▸ About this exercise
Using the material below, print a verbatim copy of every line from the one containing "Two torn rectangular" through the one containing "Austin Texas Souvenir", inclusive, and omit the pictures.

▸ Dataset extract
= Beginning of Section =

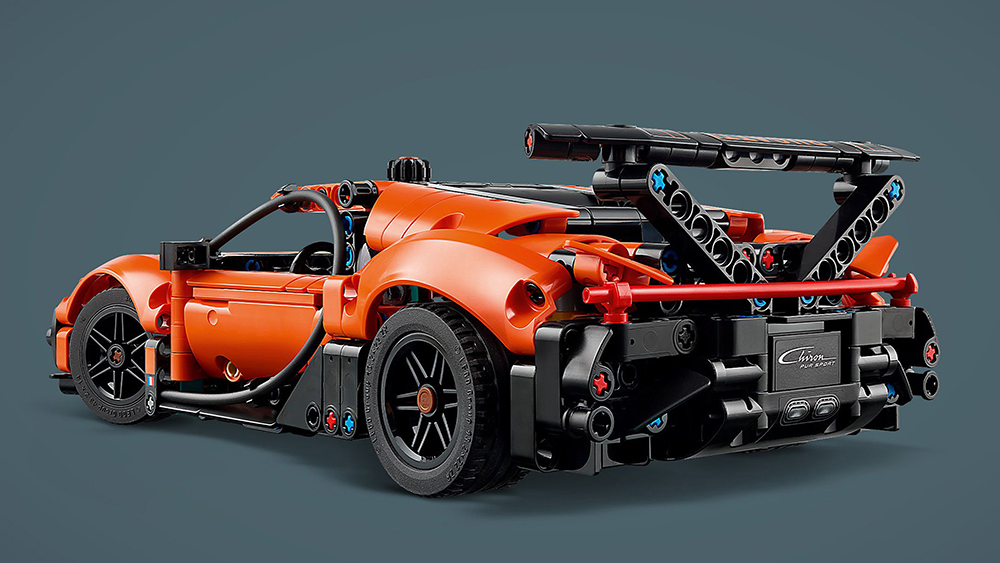 the LEGO Technic Bugatti Chiron Pur Sport on gray background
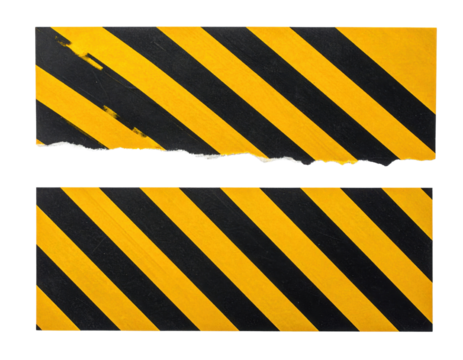 Two torn rectangular strips featuring yellow and black diagonal hazard stripes, stacked one above the other.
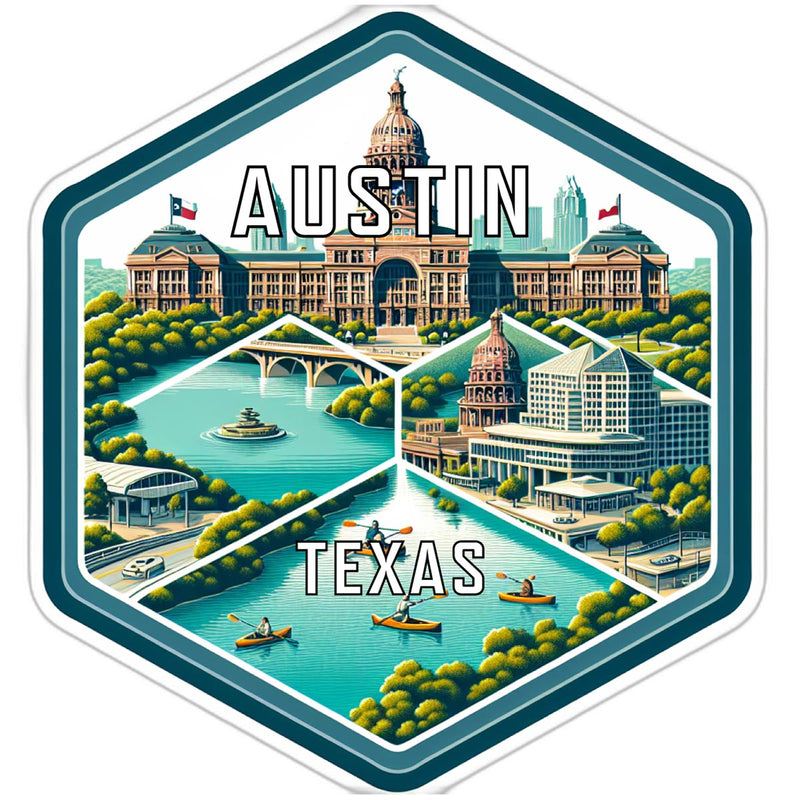 Austin Texas Souvenir Travel Destination Die Cut Hexagon Fridge Magnet 6-Inch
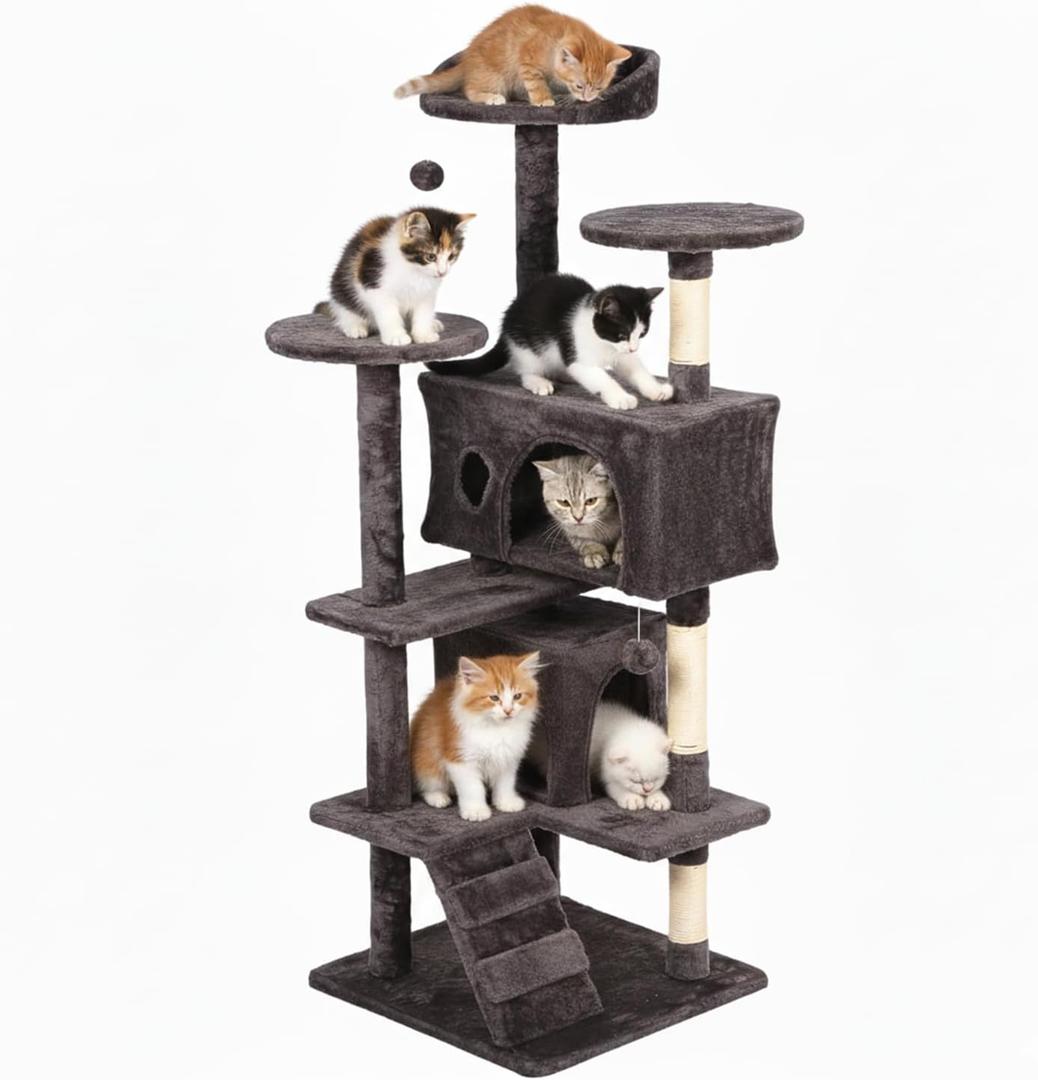 FDW | 54" Cat Tree Tower | Purple Gray | Multi-Level Indoor Activity Center with Sisal Scratching Posts, Condos, Plush Perches, Hanging Cat Toys | Sturdy, Easy to Assemble | for Kittens & Adult Cats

= End of Section =

▸ Written answer
 Two torn rectangular strips featuring yellow and black diagonal hazard stripes, stacked one above the other.
 Austin Texas Souvenir Travel Destination Die Cut Hexagon Fridge Magnet 6-Inch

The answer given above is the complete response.